Governors say the darndest things

Posted By on Thu, Oct 28, 2010 at 5:37 PM

I can't explain why the blogging has fallen off as late, especially with an election so close at hand. I guess it's for the same reason that, when you see a collision with a freight train coming, you sort of lose interest in fiddling with the radio.

But I'm struck by this news, from the Allentown Morning Call: Ex-governor Tom Ridge -- who these days is pimping the Marcellus Shale gas-drilling industry -- is apparently less hostile to a tax on natural gas than Tom Corbett, the GOP front-runner for Ridge's old job.

Corbett, dutifully reading from the Repubican catechism, opposes new taxes of any kind. But ... 

Ridge ... said he believes Pennsylvanians would accept Corbett breaking his pledge on a shale tax because they'd feel no personal impact and would be getting something in return for it.

"I've got to say that, if the dollars were going to a specific cause -- enforcement, regulation, support [for] local communities, counties -- I personally don't think the public would view that as going back on his pledge," Ridge said. "It wouldn't affect them, it would socialize the benefit of these companies' presence. But I have to let Tom make that decision -- if he wins, and I think he will."

Democrats have of course seized on this as proof that Corbett is too extreme. ("It's become more and more clear that Tom Corbett is ... out of the mainstream," a state Democratic official claimed in a release issued today.)
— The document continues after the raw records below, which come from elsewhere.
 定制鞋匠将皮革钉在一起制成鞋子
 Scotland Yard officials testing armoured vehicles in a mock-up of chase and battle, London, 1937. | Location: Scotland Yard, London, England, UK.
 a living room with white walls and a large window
Which is no doubt true. I mean, natural gas is taxed by even Republican states with significant natural gas industries. TEXAS has a tax on natural gas, for God's sake. We're going to be more beholden to the fossil-fuels business than fucking TEXAS?
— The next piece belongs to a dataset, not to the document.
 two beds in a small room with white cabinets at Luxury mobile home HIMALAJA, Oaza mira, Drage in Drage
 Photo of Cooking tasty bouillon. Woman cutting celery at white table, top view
But of course, you want to beware of gas drillers bearing gifts. For one thing, the gas industry has been pretty clear that they'd willingly accept a tax if they got something in return -- preferably a "forced pooling" provision allowing them to take gas even from  land whose owners don't want to sign away their rights. And there's kind of a funny admission in Ridge's claim that Pennsylvanians won't oppose taxes that a) they won't be the ones paying; and b) might produce some sort of tangible benefit for communities. These days, talk like that gets you a roomful of irate Tea Party activists.

I mean, federal estate taxes -- "death taxes," as Republicans are fond of calling them -- are only paid by a tiny fraction of people. (Less than 2 percent of estates are subject to the tax, according to a 2005 report from the Congressional Budget Office.) Yet to hear GOP rhetoric, an estate tax is little more than tyranny. And somehow, I doubt they'd feel differently if the proceeds of that tax were earmarked "to a specific cause."
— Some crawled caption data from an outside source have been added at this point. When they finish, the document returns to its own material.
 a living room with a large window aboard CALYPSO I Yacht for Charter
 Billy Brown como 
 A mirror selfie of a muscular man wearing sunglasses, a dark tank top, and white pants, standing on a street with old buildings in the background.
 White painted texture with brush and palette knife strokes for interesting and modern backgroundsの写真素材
Not that Democrats appear any more cognizant of how the political landscape is changing. Take Gov. Ed Rendell, who during a recent CNN appearance said of Democrats, "We're a bunch of wusses."

OK, who exactly is this "we"? Because surely the wussiest move in Pennsylvania politics this year was the effort to push Arlen Specter -- a former Republican -- as the Democratic nominee in this year's Senate race. The fear was that only Specter could beat the GOP's nominee, Pat Toomey, because progressive insurgent candidate Joe Sestak was too liberal to have a prayer. You may recall Democratic party leaders warning that a Sestak candidacy would be "cataclysmic." And Rendell was a leading Specter backer as well.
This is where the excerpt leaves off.